His sister Brittany calls him her hero.  She’s in Fidn Design School in San Francisco.”

He can’t play football this year because the doctors haven’t cleared him yet.  His No. 29 jersey has been reserved for him when he is ready to put his pads back on and run onto the field.

“I was not going to ditch my team because I couldn’t play this season,” he said.  “I’m now managing to help out my team in any way that I can in repairing equipment.”

At least he is on the field with the team and sometimes having to sit with the cheer leaders.  

“I think I am a fairly modest person in being able to not pay attention to the cheer leaders,” he chuckled.

He said it was something of a weird experience for him being out of school and off of the football team.

“It didn’t set me back, it just freezed me in place,” Corbin said

During that year he was schooled at home and in the hospital as much as possible so that he was able to keep up.

Asked who had the most impact on his life as he was growing up, he didn’t hesitate for a moment saying it was his mom Kathy.

“When I was four, Kathy came into my life at the Beach Boardwalk in Santa Cruz.  I have been in love with her ever since,” he said. “She has always been my mom figure.  She is a loving person herself.  I hope I’ve picked up that trait in helping others from her.”

“I know I can always go to her with anything I need,” Corbin added.

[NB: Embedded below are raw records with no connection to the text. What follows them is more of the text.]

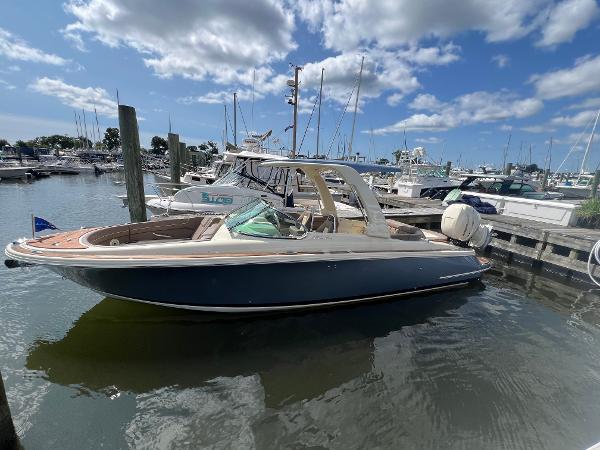 2023 Chris-Craft Launch 28 GT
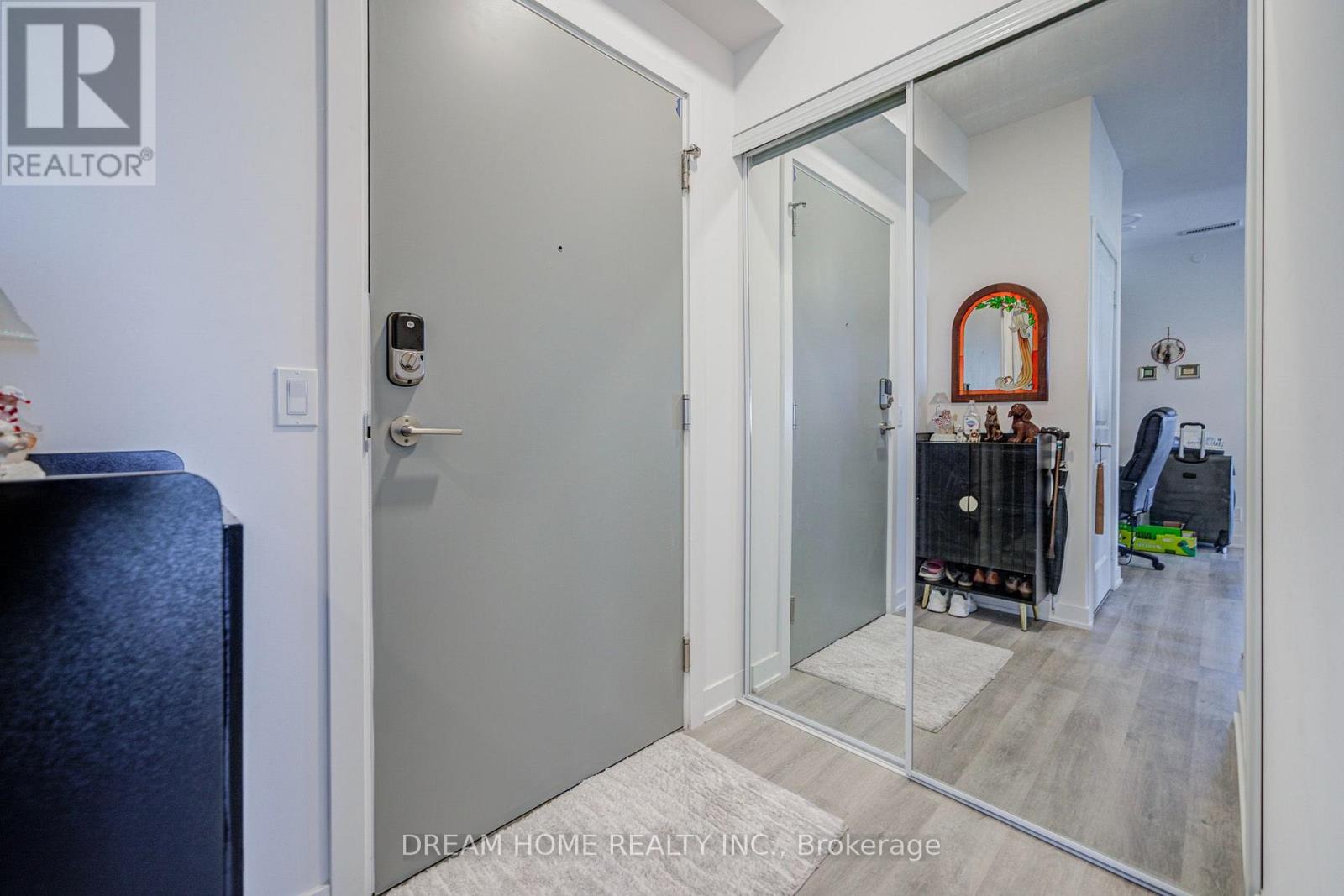 3407 - 30 Upper Mall Way, Vaughan (Brownridge), Ontario  L4J 9L7 - Photo 3 - N14109378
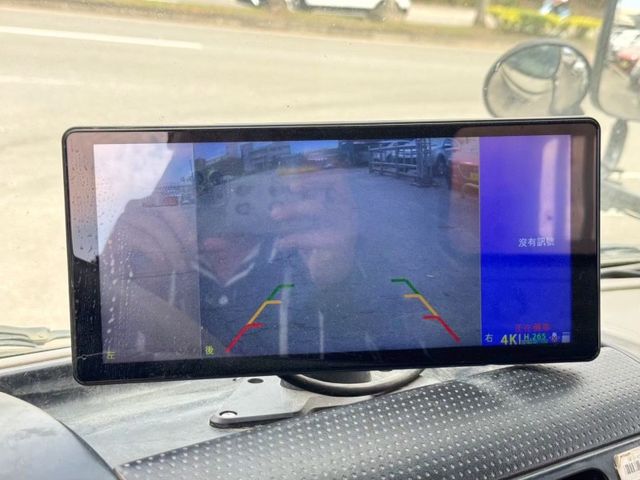 Hino 300  第11張相片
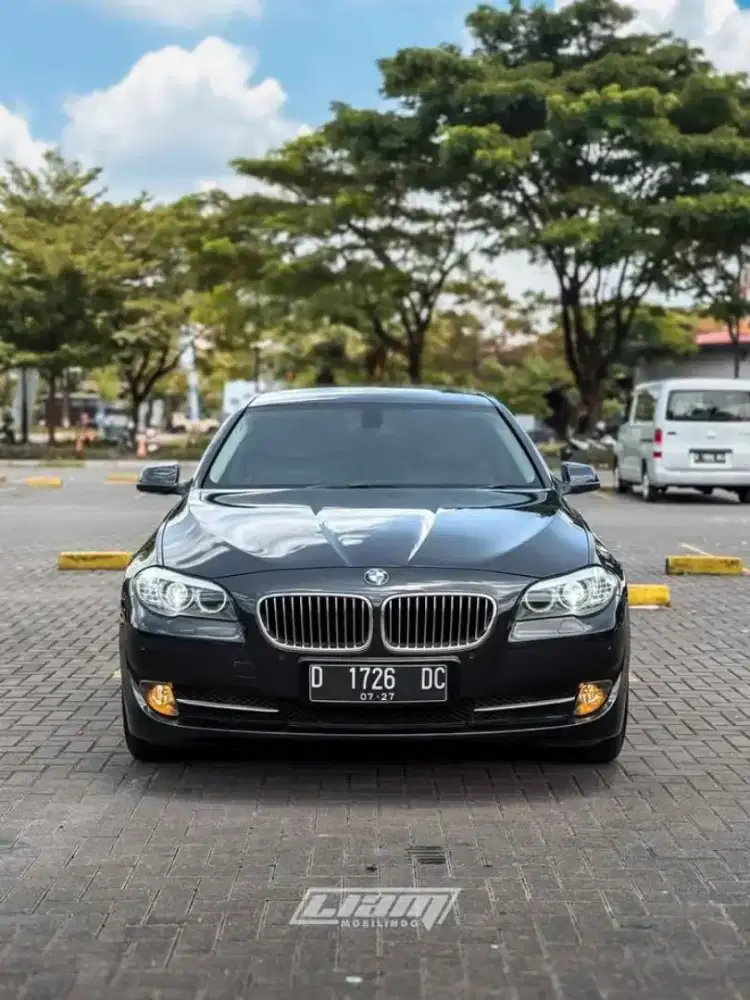 BMW 523i 2.0 2012 AT
Spesifikasi :
KM LOW 51rb Record On-Going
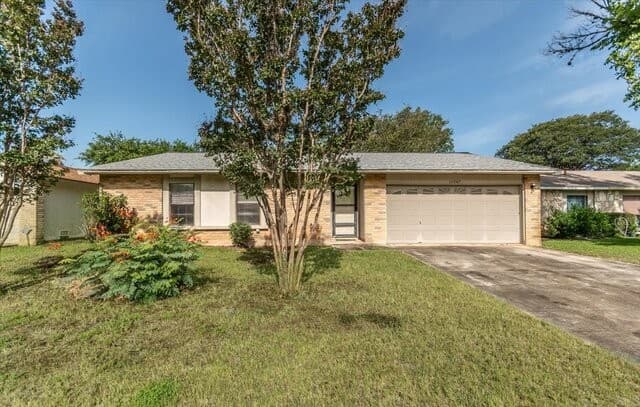 3-bedroom rental at 11207 Prairie Springs Dr in San Antonio, TX — photo 1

His mom remembered that she pulled him out of school in October 2009 following a football practice where he had developed unusually bad bruises.  She said he bruised like a peach on his body and forearms.

She said a doctor ran tests on him and found that his blood platelets were at an 8,000 count level. Normal is about 150,000.  That was when she chose to pull him out of school and he didn’t go back.  And it was shortly before the big rival football game with Pitman High School – the biggest thing in Turlock each year.

So from October to August Corbin was in and out of the hospital with three and four week stints. One period had him in the hospital for nearly four months.  

“We had to basically live in the hospital with him,” his mom said.

She recalled they got to know the staff – wonderful doctors and nurses – as they had to come in and out of the room unannounced.  They even caught us brushing our teeth, she said smiling.

She added that no words of gratitude would begin to express their feelings toward the medical staff.  She said that Corbin became so popular that nurses fought over who was going to check on him along with student nurses – he was a favorite.

Corbin had become so close to his oncologist that he dressed up like him for Halloween, he mom added.

He was recently said to be in clinical remission of his (APML) leukemia, but now doctors say he is in molecular remission – literally cancer free.

Mom Kathy said the doctors told her APML is the best type of the disease to have today, because it is curable.  But, they added that was not the case some eight to 10 years ago.